Parents: Should Colleges Educate Students on Loans?
As college students, studies such as math, physics, and American history are drilled into our minds from the moment we enter school. College educates us on our designated major, and other general curriculum requirements that are dubbed beneficial to our future success. However, when it comes to “practical studies,” it seems like our college curriculums are lacking.
Unfortunately, we don’t learn necessary “life skills,” like writing a check, purchasing insurance, or something that greatly affects college students: taking out private loans.
With two options available to college students, federal loans versus private loans, students have difficulties differentiating the two.
While private loans attempt to intrigue students with their accessibility and readability, private loans actually tend to have higher interest rates and less protection for students; according to a recent article on California Watch, “private student loans generally are considered riskier for students because they have uncapped, variable interest rates as opposed to the fixed rates offered under federal loans.”

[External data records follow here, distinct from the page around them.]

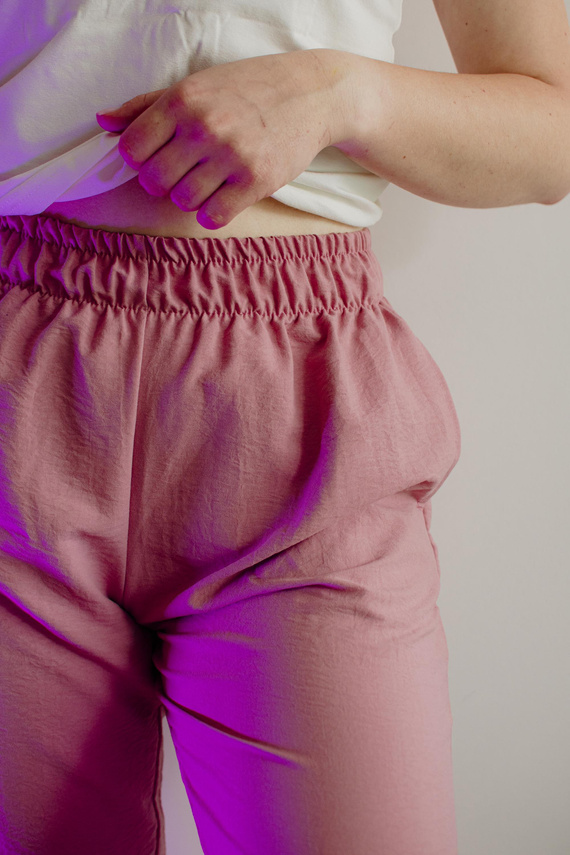 Maeve 875 De Lafense Damen Pyjamahose - lang, einfarbig, mit Taschen - rosa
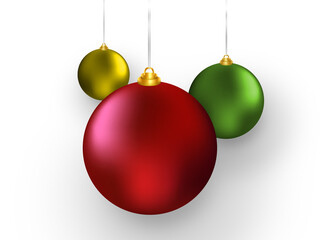 Isolated Christmas Balls on transparent background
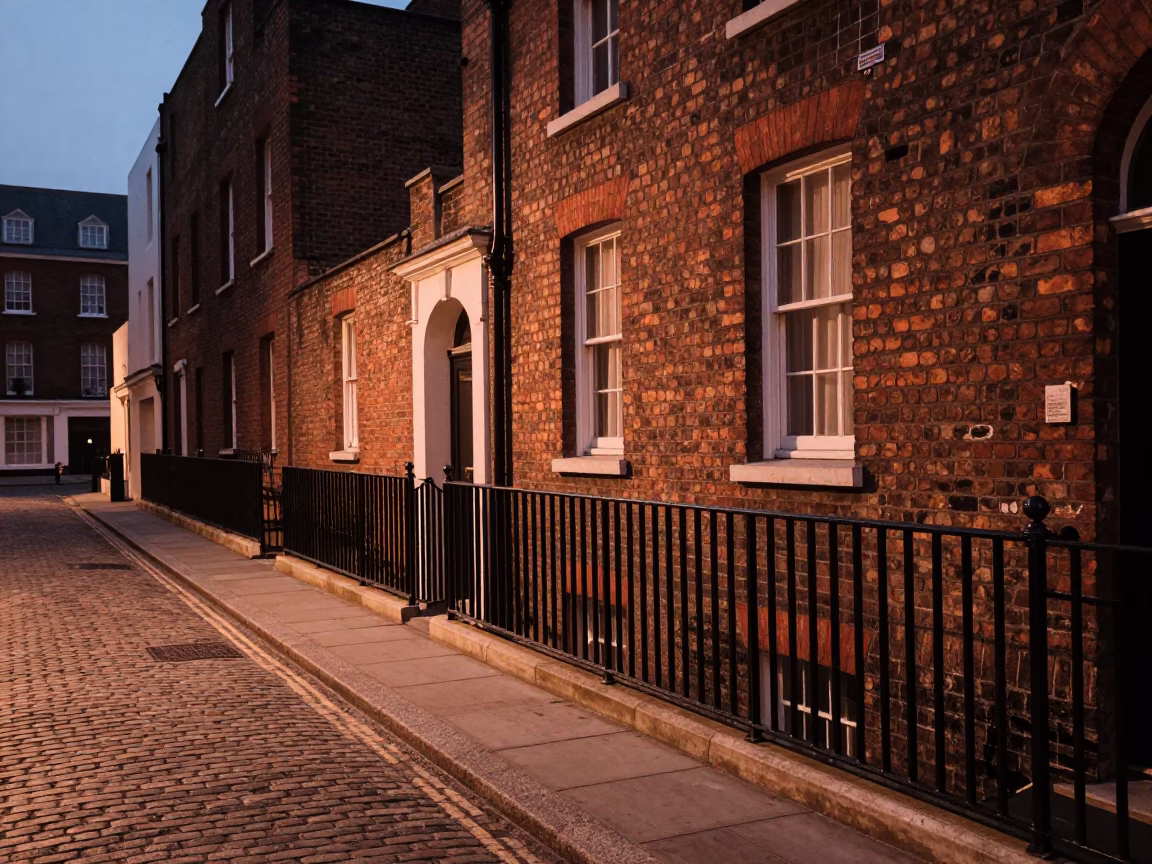 Copper-toned London street scene with historic brickwork and twilight ambiance in in London, United Kingdom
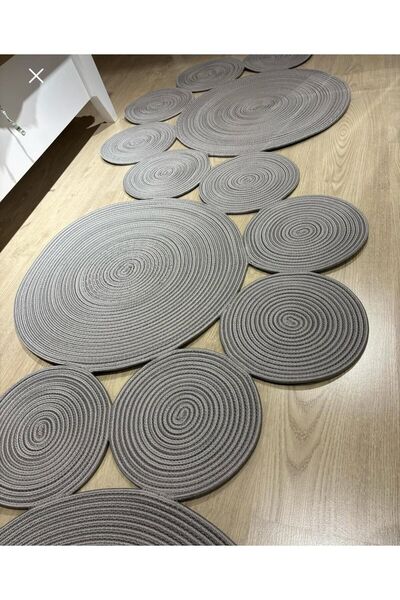 JÜTEX HOME jüt Hasır görünümlü Desenli Modern El Örgüsü sarmal Halı Kilim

With tuition prices on the rise, it is important for students to look at their most feasible options. A college educating their students on federal loan alternatives is the first step towards ensuring their students make the fiscally appropriate decisions.
Certain colleges have initiated a process known as “school certification,” which allows the private lenders to go directly through the college or university, providing exact information regarding present and future costs. This program also provides the school with the opportunity to educate its students about the federal loan options available as well.
The question remains, is it important for colleges to intervene when it comes to their students’ loans? Or is it an individual responsibility that requires the student to focus closely on their finances and options to make the adequate decision for themselves?